Drammen´s richest merchant, Peter Nicolai Arbo, and his wife Anne Cathrine Collett bought Søndre Skogen Manor at auction in 1794. They gradually expanded the property into a modern country house estate. The main house and wings resemble European stone architecture.
When you walk through the main house, you almost get the feeling of being in the home of someone who has just gone away for a short while. Pretty curtains dress the windows, books lie around on tables, the beds look as if they´ve just been made, and the next meal is under preparation in the kitchen. For 150 years the Arbo family preserved this jewel of a house.
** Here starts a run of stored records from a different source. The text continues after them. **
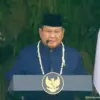 Prabowo ajak doakan masyarakat terdampak bencana saat perayaan HUT RI ke 81. (Tangkapan layar youtube Sekretar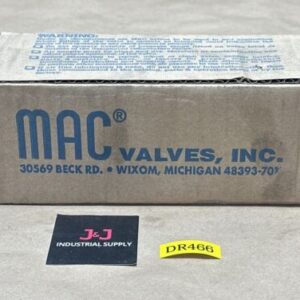 NEW OPEN BOX- Mac Valves 6334D-000-PM-111DA Solenoid Operated Valve || WARRANTY! - Image 1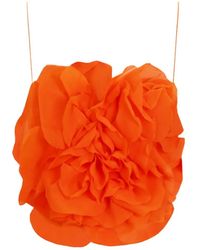 Gemy Maalouf - Floral-Appliqué Cropped Top - Lyst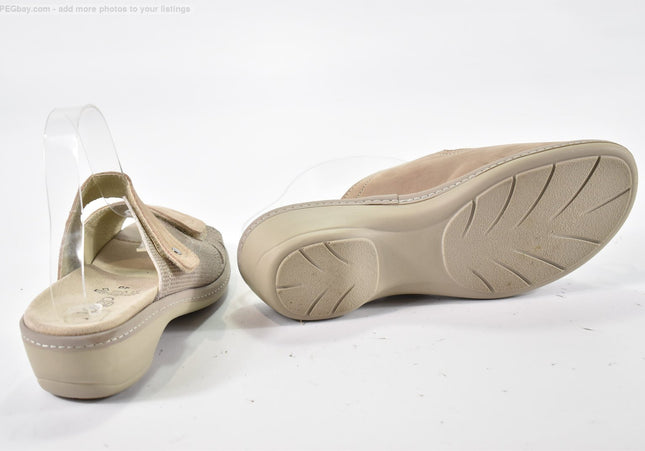 Longo Damen Sandale Pantolette EUR 40 Nr. 25-S 3520-SchuhGebraucht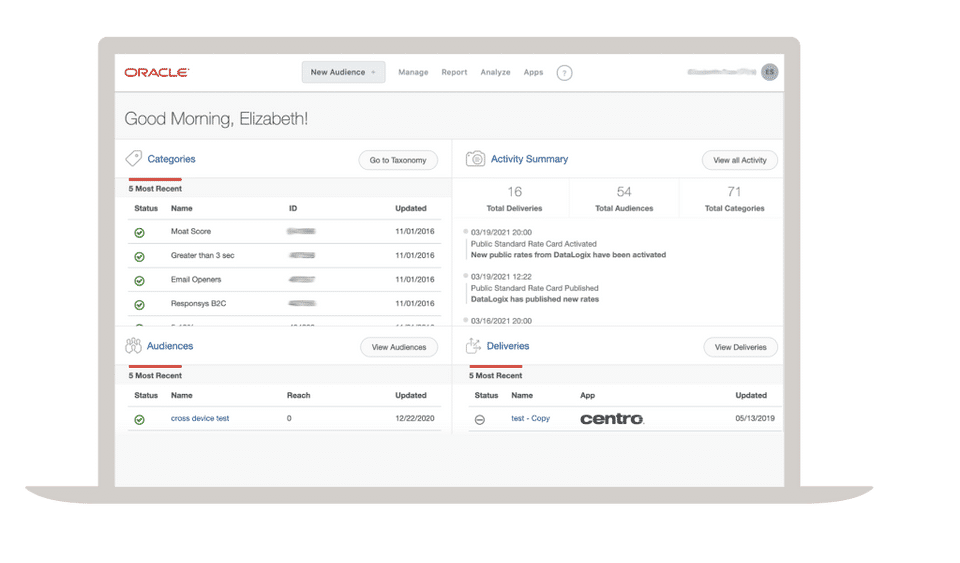 Oracle BlueKai Data Management Platform screenshot 3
Each generation left its mark in the form of new objects, so that the house as it stands today has the appearance of a living museum.
Denmark and Norway had close ties in the period around 1814. This is something you are made aware of when you look at the large collections of paintings and wallpapers that hang in the main house, which is now a listed building.
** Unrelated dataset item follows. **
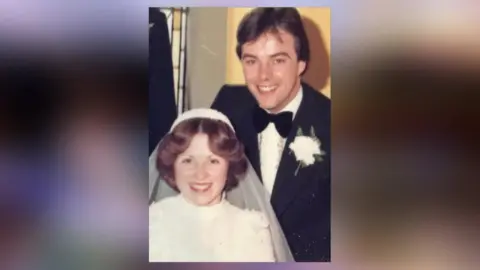 MOnica Lennon Gerry Ward on his wedding day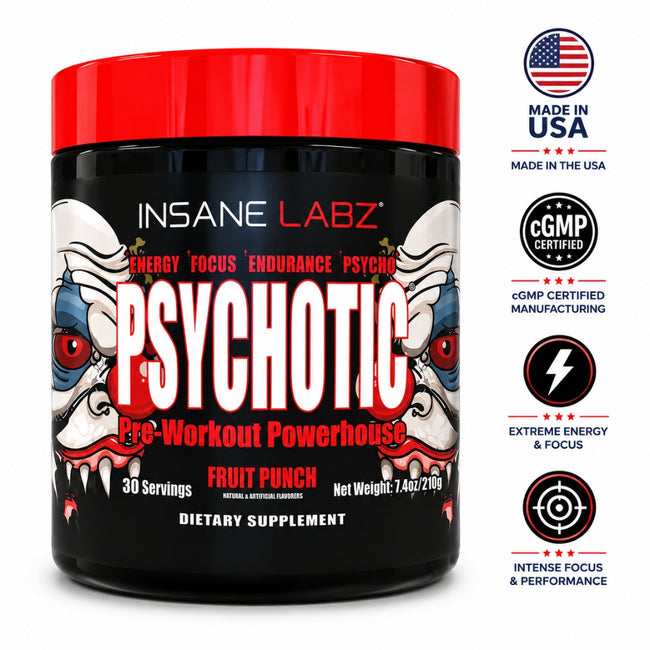 Pre Entreno Insane Labz Psychotic 210G 30 Servings Pre-Workout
Today Gulskogen Manor comprises a main house and an outbuilding with a courtyard and park grounds. Estates like these were run as model farms in the old days, and new farming technology was quickly adopted. The present barn, from 1887, replaced a log barn, and now holds some of the tools that were used during this period. The side wing that houses the tool house and wagon shed is the original building, but is hidden under new panelling.
The garden was laid out in the style of an English landscaped park, and was officially opened with a huge garden party in 1804. The garden has always been the estate´s main attraction, and stands today as one of Norway’s best preserved gardens from that period. The labyrinth of lime trees there is unrivalled in Norway. The garden is divided into three terraces that are connected by stairs. The prominent terraces are separated from each other by straight-lined avenues and other seemingly random areas.
A grand tour of the gardens provides the opportunity to view the main house from different angles; one minute overgrown with greenery, then, from around the next corner, strictly classicistic. Close to the building, the garden is divided into beds. The rest of the grounds are left to the laws of nature. From the mid-19th century the garden evolved a more overgrown, romantic style, as was the trend at that time. It was during this period that the ponds in the north garden were added. Since 1972 the garden has been maintained in such a way as to accentuate more of its original character. But the gardens are also vulnerable to increased wear and tear, and must therefore be treated with care.